Extracted material:
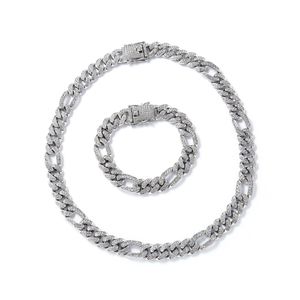 Halsband för herrkedja kubansk länk Guldkedjor Iced ut smycken Nya 3: 1 Full Diamond Round Chain Cuban Chain Male Hiphop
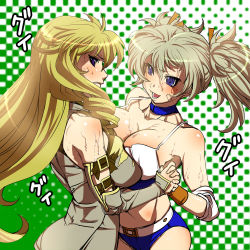 Rule 34 | 2girls, bandaid, bikini, blonde hair, breast fight, breast press, breasts, catfight, choker, cleavage, drill hair, elbow pads, fighting, fuuta, multiple girls, oil, purple eyes, short twintails, shorts, spiral, playing sports, sweat, swimsuit, symmetrical docking, twintails, wrestle angels, wrestling, yuri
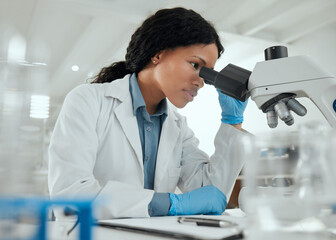 Black woman, microscope and research in lab for science, investigation and experiment results....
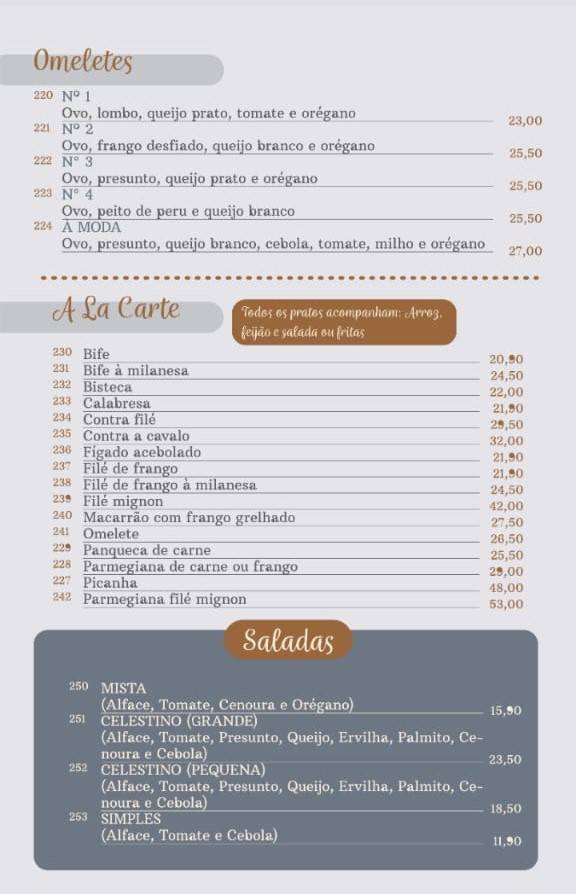 Celestino Padaria cardápio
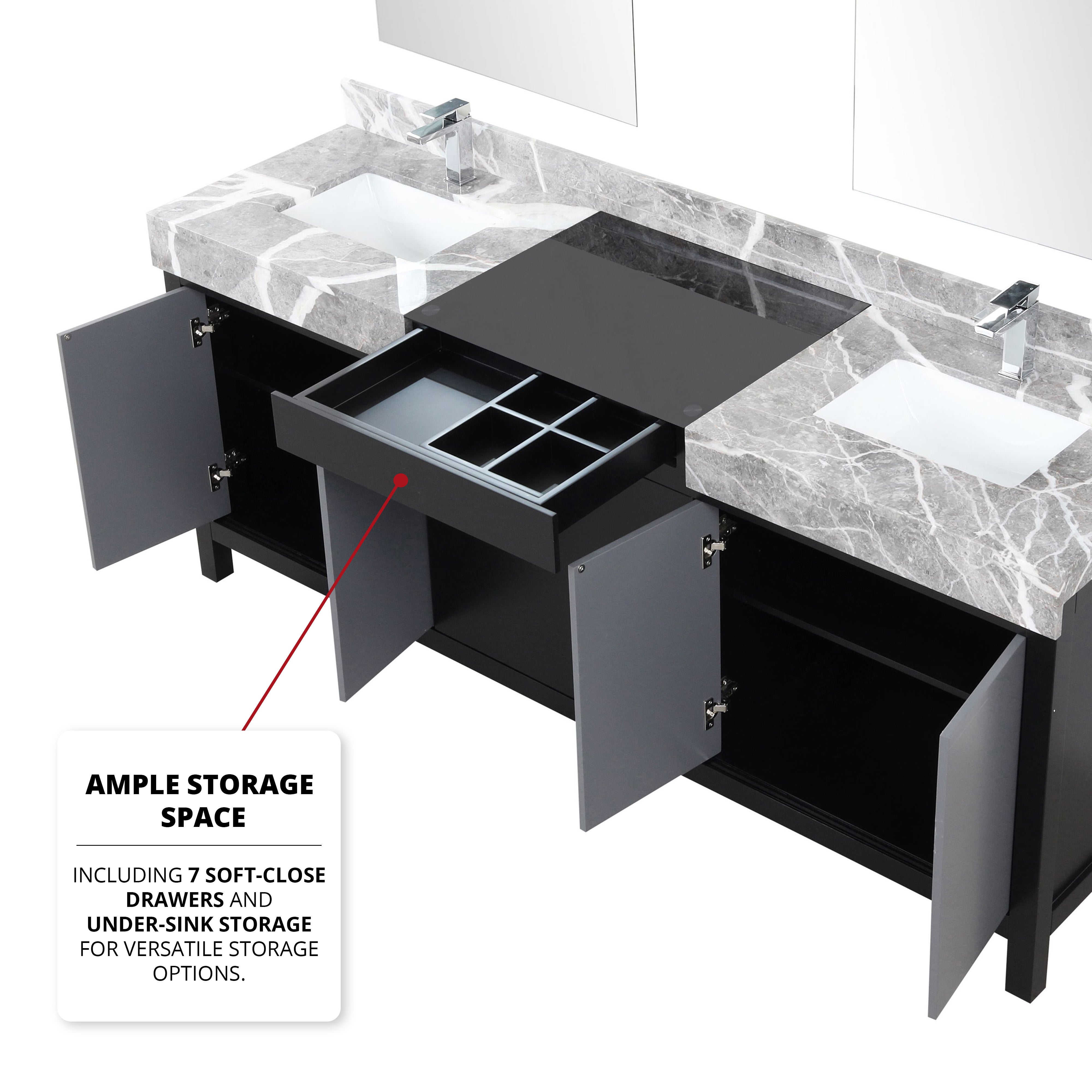 Zilara 80 in W x 22 in D Black and Grey Double Bath Vanity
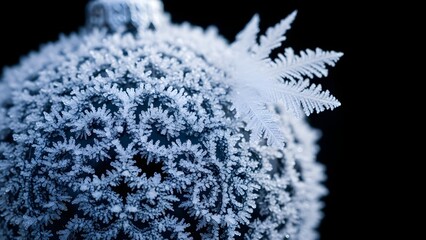 Closeup of frost crystals on a spherical object against a dark background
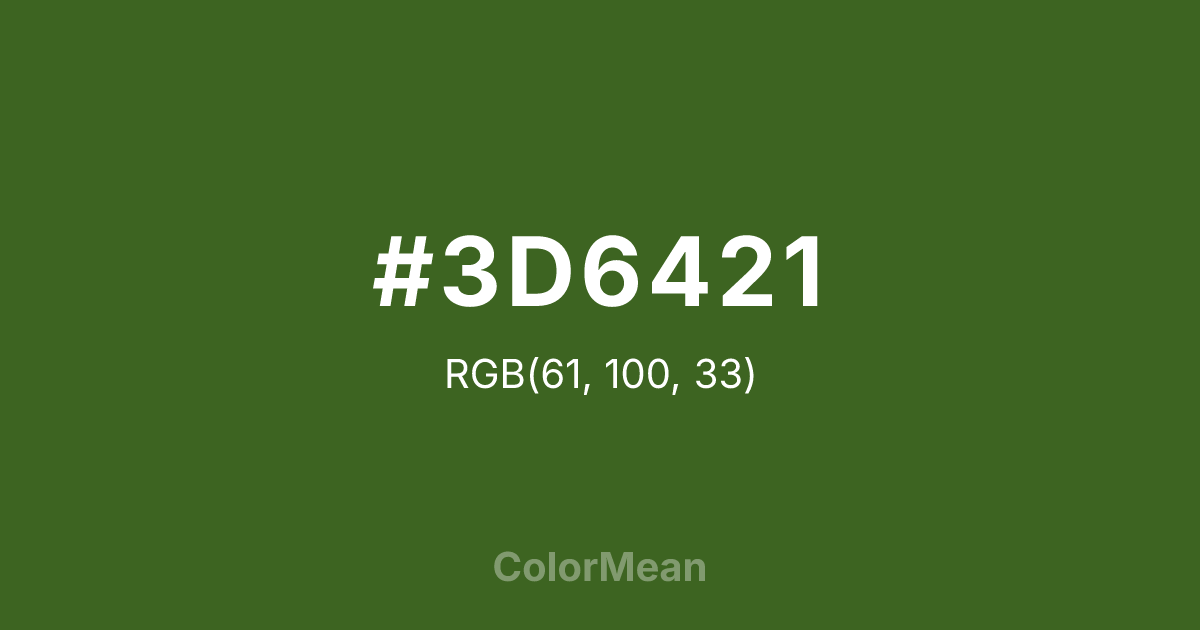 #3D6421 color swatch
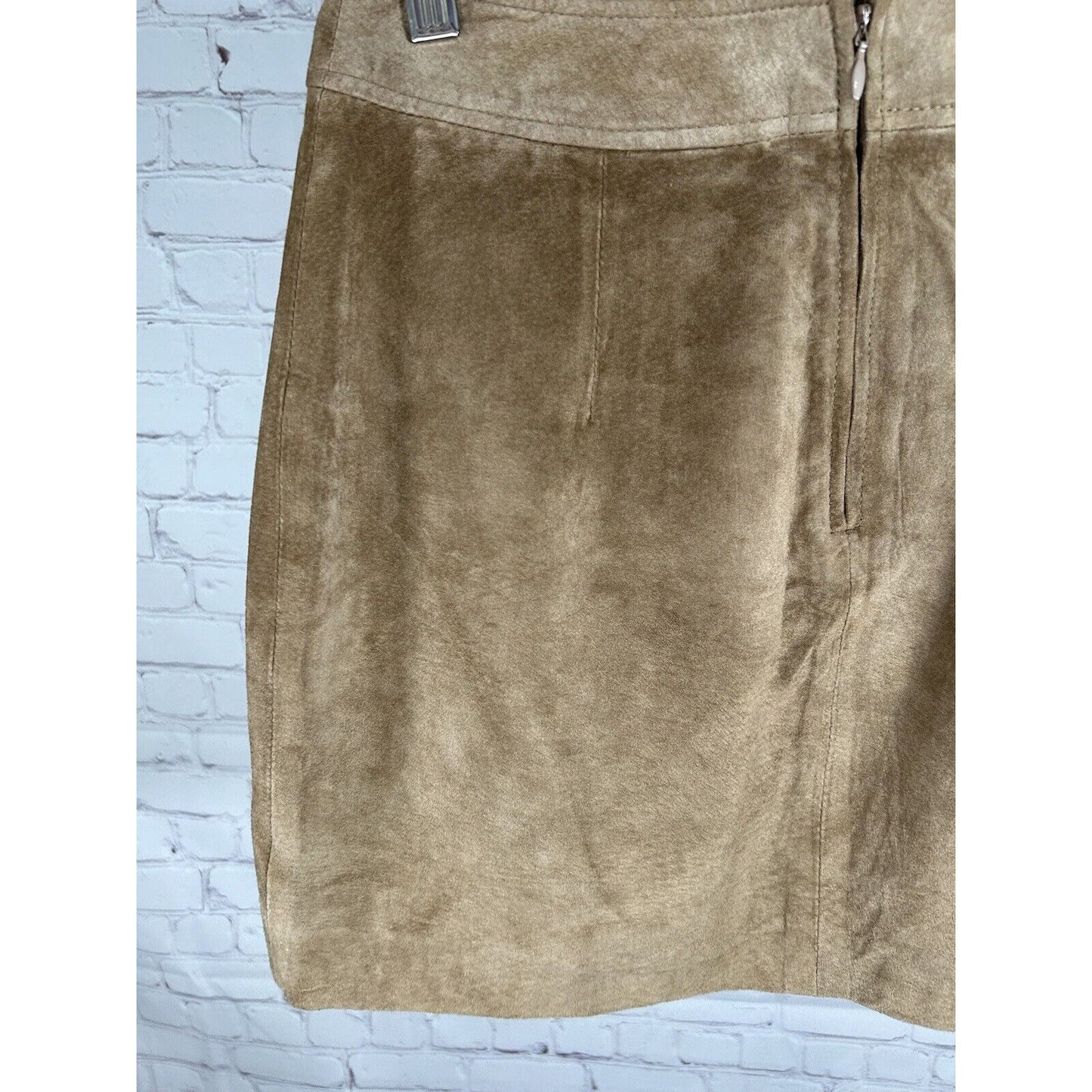 ESPRIT Brown Leather Suede Front Slit Pencil Straight Mini Short Skirt Women 3/4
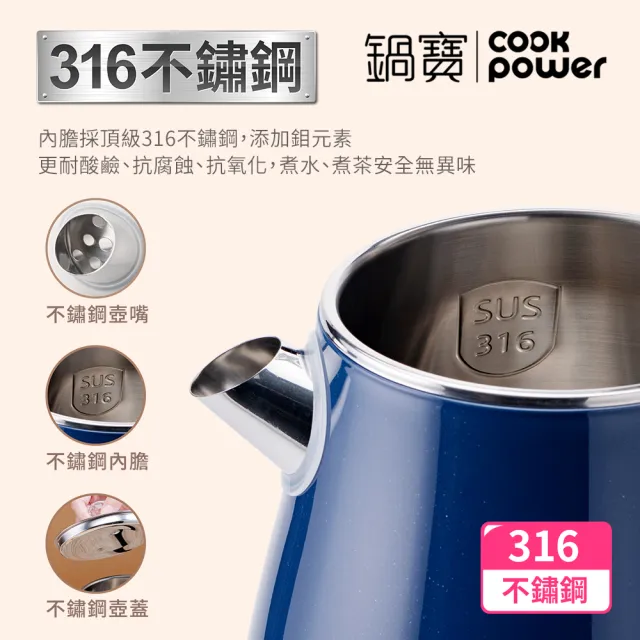 CookPower 鍋寶】316不鏽鋼雙層防燙快煮壺1.8L-藍(KT-92182B) - momo 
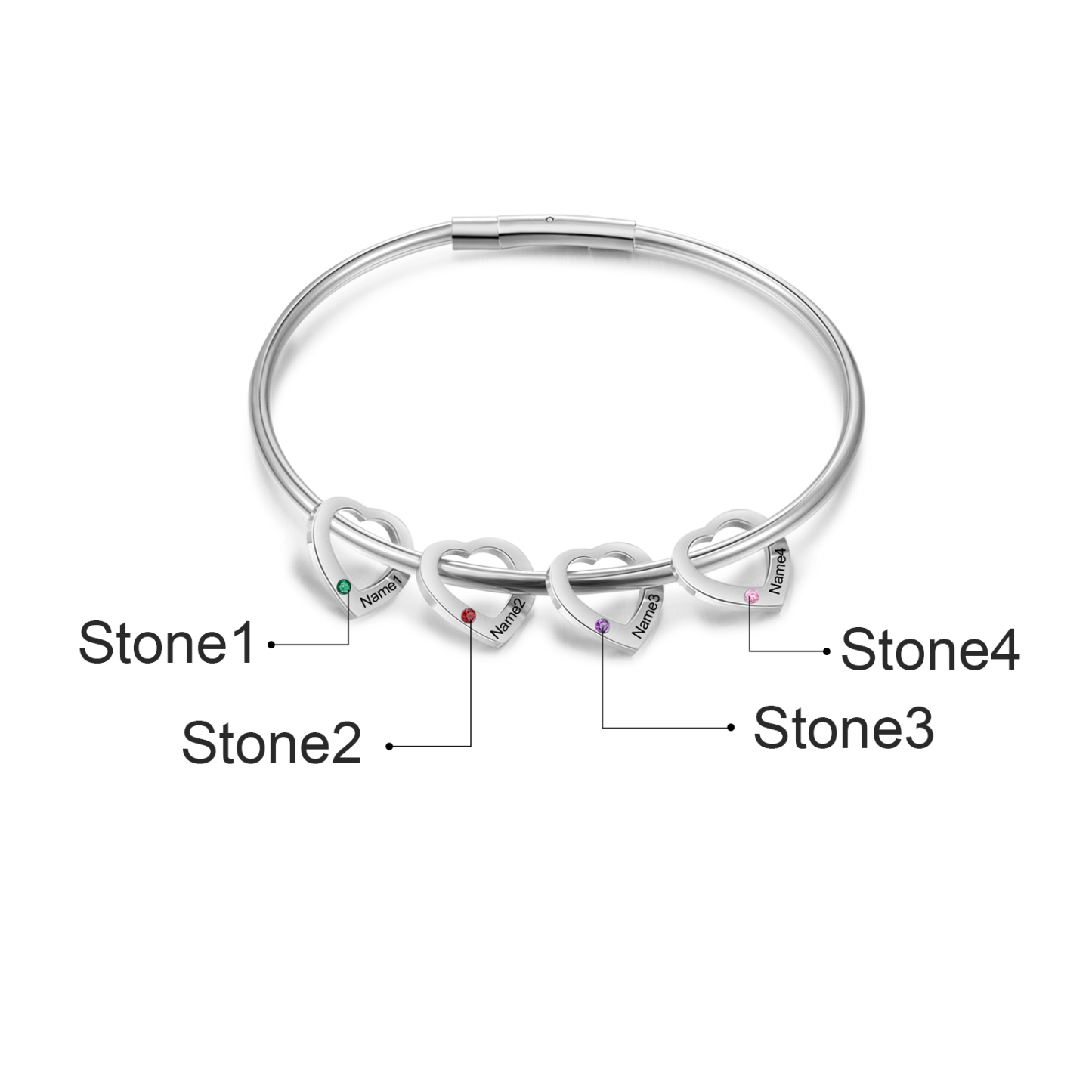 Personalisierter 4 Namen & 4 Geburtssteinen Silbernes Herz-Anhänger-Armband & Herz Halskette Geschenkbox-Set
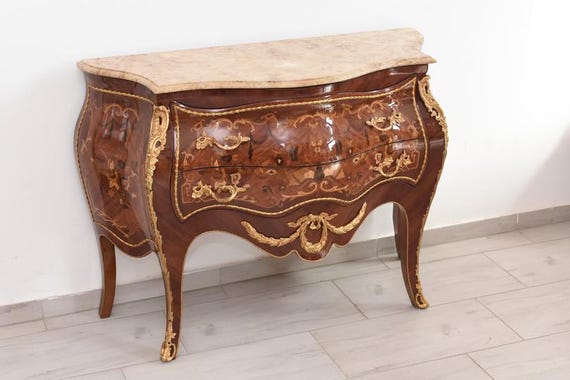French Baroque Commode: Antique Beech Wood Chest with Marble Top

Directions:
Your task is an exact transcription of all the data, minus the pictures.

Exercise solution:
 Halsband för herrkedja kubansk länk Guldkedjor Iced ut smycken Nya 3: 1 Full Diamond Round Chain Cuban Chain Male Hiphop
 Rule 34 | 2girls, bandaid, bikini, blonde hair, breast fight, breast press, breasts, catfight, choker, cleavage, drill hair, elbow pads, fighting, fuuta, multiple girls, oil, purple eyes, short twintails, shorts, spiral, playing sports, sweat, swimsuit, symmetrical docking, twintails, wrestle angels, wrestling, yuri
 Black woman, microscope and research in lab for science, investigation and experiment results....
 Celestino Padaria cardápio
 Zilara 80 in W x 22 in D Black and Grey Double Bath Vanity
 Closeup of frost crystals on a spherical object against a dark background
 #3D6421 color swatch
 ESPRIT Brown Leather Suede Front Slit Pencil Straight Mini Short Skirt Women 3/4
 CookPower 鍋寶】316不鏽鋼雙層防燙快煮壺1.8L-藍(KT-92182B) - momo 
 Personalisierter 4 Namen & 4 Geburtssteinen Silbernes Herz-Anhänger-Armband & Herz Halskette Geschenkbox-Set
French Baroque Commode: Antique Beech Wood Chest with Marble Top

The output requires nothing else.